This week I’m speaking at the NIST (National Institute of Standards and Technology) Workshop on Standards for Microbiome Measurements held on September 9-10 in Gaithersburg, MD. Microbiome is a hot topic these days with scientists trying to understand how the flora of the gut can be modulated with supplements of healthy bacteria in order to achieve desired outcomes.
My presentation “Gut Microbiome Endgame: Ramping up cGMP Program Design to Ensure Regulatory Preparedness for Microbiome Products”, will focus on the many facets of working with microbiome products in the lab to move them successfully on to their next stage of product development. Included will be program design approaches, cleanroom engineering practices, characterization methods, stability options, and the expertise required to move to the next phase of a program’s lifecycle.
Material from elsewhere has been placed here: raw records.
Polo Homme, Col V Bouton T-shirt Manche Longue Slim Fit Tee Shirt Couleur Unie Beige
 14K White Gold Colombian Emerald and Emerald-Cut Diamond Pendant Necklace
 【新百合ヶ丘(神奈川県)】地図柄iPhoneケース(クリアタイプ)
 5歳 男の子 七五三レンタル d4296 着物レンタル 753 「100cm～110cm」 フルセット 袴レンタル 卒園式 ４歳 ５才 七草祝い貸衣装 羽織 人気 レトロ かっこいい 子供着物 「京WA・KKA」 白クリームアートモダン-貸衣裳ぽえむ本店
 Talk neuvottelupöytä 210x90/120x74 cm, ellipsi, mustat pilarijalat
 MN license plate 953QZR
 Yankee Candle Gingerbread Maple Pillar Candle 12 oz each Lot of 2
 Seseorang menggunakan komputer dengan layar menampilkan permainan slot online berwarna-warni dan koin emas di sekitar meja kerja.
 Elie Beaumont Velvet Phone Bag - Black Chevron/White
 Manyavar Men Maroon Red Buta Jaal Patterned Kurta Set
At BA Sciences we have seen expansion in this area of study and have proactively invested in the resources needed to accommodate that growth as well as keep current with regulations as they change. Documents such as EP 3053, the FDA Guidance for Industry documents on Early Clinical Trials with Live Biotherapeutic Products and Recommendations for Microbial Vectors for Gene Therapy play an important role to ensure requirements are met.
Microbiome is important for human health as it influences such things as nutrition, immunity, behavior and disease. By moving this science forward, we can make progress in things such as asthma, cancer, dementia, diabetes, heart disease, multiple sclerosis, obesity, and stress, as well as many other medical issues. Strides in this area of health are being made every day and we are gaining a better understanding of the important role the gut plays in our health.
Medicinal microbiome modulation is a fascinating topic that is really just starting to be understood, and it’s an area of research that will continue to gain momentum.